══ Given data ══

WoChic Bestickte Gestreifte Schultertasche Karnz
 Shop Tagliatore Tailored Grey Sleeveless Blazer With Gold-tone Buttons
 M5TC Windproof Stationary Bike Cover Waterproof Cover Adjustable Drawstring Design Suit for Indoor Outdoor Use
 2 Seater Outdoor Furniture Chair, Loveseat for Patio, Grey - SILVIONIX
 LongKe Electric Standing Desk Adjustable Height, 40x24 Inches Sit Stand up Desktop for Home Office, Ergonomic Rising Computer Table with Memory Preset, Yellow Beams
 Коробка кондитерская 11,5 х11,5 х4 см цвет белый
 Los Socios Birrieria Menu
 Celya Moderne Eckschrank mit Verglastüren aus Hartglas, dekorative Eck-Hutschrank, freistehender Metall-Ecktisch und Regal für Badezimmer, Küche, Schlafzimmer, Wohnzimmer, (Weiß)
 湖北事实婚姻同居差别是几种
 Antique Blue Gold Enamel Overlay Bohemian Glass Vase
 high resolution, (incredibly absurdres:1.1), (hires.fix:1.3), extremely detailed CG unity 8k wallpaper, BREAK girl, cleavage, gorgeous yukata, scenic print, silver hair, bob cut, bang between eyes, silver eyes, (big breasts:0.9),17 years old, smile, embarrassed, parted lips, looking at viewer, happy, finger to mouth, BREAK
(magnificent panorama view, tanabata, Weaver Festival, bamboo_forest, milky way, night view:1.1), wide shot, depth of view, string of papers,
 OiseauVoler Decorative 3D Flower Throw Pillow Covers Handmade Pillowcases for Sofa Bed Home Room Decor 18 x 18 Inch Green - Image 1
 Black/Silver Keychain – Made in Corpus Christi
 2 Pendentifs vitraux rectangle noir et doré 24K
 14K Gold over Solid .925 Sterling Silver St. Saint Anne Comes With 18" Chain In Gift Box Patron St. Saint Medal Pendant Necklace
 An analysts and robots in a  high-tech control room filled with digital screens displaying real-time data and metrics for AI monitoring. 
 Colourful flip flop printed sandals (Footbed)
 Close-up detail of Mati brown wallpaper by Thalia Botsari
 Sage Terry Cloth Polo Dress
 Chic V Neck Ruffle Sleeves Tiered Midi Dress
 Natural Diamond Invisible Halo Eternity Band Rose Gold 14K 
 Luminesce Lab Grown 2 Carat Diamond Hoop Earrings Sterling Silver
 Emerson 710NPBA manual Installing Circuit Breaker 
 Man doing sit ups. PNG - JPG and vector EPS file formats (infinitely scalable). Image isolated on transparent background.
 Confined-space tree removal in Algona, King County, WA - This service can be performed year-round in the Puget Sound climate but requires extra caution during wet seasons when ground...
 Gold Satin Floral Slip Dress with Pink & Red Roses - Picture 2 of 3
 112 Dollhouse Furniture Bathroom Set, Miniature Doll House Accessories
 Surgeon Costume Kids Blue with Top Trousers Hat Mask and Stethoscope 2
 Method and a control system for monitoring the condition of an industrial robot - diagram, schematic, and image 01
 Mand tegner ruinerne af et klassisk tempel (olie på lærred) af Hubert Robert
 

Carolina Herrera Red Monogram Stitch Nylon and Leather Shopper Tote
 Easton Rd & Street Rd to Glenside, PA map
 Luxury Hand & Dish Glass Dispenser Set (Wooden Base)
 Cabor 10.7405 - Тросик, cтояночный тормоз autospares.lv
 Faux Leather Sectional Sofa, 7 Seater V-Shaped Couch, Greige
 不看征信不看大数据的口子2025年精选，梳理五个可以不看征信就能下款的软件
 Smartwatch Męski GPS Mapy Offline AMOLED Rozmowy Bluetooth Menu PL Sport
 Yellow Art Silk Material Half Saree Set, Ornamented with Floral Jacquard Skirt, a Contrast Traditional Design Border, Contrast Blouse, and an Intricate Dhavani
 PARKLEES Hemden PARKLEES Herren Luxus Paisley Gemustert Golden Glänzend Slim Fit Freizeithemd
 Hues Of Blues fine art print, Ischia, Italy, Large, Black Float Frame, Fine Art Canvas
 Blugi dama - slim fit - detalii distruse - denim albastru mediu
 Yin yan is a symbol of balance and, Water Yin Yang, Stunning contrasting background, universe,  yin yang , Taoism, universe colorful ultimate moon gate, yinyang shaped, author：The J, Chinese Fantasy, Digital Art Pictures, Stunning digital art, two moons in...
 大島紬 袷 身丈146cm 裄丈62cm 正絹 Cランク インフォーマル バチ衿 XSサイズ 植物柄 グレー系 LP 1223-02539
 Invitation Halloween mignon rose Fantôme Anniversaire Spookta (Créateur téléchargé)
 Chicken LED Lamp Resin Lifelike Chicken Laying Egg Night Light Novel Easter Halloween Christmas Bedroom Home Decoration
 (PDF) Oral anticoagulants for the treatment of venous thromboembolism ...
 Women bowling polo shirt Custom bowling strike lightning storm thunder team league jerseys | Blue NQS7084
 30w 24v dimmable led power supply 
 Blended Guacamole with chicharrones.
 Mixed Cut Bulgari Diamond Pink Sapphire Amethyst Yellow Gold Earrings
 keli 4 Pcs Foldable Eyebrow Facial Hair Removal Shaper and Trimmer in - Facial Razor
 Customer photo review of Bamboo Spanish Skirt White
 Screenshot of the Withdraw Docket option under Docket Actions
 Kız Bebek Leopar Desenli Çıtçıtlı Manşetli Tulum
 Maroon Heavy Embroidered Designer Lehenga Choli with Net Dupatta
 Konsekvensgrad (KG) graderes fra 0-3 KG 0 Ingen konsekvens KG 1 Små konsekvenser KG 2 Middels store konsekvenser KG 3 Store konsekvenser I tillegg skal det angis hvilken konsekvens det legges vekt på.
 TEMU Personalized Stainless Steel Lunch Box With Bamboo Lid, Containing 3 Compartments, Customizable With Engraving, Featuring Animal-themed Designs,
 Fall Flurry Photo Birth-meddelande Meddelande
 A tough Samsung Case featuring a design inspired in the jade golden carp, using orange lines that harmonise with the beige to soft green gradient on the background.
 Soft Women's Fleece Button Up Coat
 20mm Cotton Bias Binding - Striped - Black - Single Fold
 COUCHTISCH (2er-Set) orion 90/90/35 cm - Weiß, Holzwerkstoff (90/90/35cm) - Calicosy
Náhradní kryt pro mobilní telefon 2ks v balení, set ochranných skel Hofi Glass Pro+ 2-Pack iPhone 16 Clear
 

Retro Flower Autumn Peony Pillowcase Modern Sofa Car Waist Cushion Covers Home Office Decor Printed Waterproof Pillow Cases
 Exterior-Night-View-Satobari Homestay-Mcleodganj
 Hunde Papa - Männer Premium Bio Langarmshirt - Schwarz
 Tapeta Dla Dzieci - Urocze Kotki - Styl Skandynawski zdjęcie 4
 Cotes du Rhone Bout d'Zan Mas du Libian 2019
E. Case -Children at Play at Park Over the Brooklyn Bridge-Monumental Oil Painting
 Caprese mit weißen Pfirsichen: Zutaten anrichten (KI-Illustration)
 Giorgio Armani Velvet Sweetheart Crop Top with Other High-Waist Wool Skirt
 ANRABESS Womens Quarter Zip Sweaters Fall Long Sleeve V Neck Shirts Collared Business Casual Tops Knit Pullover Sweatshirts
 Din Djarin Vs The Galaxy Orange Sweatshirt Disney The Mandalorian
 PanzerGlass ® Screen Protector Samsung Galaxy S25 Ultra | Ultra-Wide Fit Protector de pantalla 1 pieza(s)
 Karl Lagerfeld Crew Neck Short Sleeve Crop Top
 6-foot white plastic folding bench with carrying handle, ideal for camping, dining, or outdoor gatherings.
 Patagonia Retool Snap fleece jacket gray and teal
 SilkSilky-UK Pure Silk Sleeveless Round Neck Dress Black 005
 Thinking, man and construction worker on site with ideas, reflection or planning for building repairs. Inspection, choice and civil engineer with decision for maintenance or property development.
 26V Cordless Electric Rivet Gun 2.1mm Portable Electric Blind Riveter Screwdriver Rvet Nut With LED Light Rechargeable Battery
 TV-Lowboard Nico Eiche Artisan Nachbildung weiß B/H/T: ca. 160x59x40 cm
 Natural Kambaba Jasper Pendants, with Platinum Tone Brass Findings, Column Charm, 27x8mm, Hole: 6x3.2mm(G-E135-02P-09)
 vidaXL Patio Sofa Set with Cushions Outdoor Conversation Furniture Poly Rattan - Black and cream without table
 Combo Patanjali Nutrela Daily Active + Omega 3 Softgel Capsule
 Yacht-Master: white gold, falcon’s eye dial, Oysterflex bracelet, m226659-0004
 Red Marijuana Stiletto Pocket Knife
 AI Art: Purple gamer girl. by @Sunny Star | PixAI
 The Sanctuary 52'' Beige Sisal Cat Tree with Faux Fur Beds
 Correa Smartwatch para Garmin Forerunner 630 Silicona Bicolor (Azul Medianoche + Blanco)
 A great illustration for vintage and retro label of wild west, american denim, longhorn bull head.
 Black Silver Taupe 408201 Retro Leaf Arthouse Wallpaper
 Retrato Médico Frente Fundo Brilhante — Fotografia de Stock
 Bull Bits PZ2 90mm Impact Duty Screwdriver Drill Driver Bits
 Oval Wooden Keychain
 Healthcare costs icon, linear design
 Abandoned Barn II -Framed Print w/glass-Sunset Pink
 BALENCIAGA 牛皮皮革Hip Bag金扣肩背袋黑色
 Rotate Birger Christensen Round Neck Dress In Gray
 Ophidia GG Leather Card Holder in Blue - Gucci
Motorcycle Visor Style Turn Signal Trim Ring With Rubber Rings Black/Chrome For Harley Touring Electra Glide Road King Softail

═══

## Problem requirements
Reproduce exactly the lines above from the line with "Chic V Neck Ruffle Sleeves Tiered Midi Dress" to the line with "Emerson 710NPBA manual", including both, and add nothing.

## Response below
 Chic V Neck Ruffle Sleeves Tiered Midi Dress
 Natural Diamond Invisible Halo Eternity Band Rose Gold 14K 
 Luminesce Lab Grown 2 Carat Diamond Hoop Earrings Sterling Silver
 Emerson 710NPBA manual Installing Circuit Breaker 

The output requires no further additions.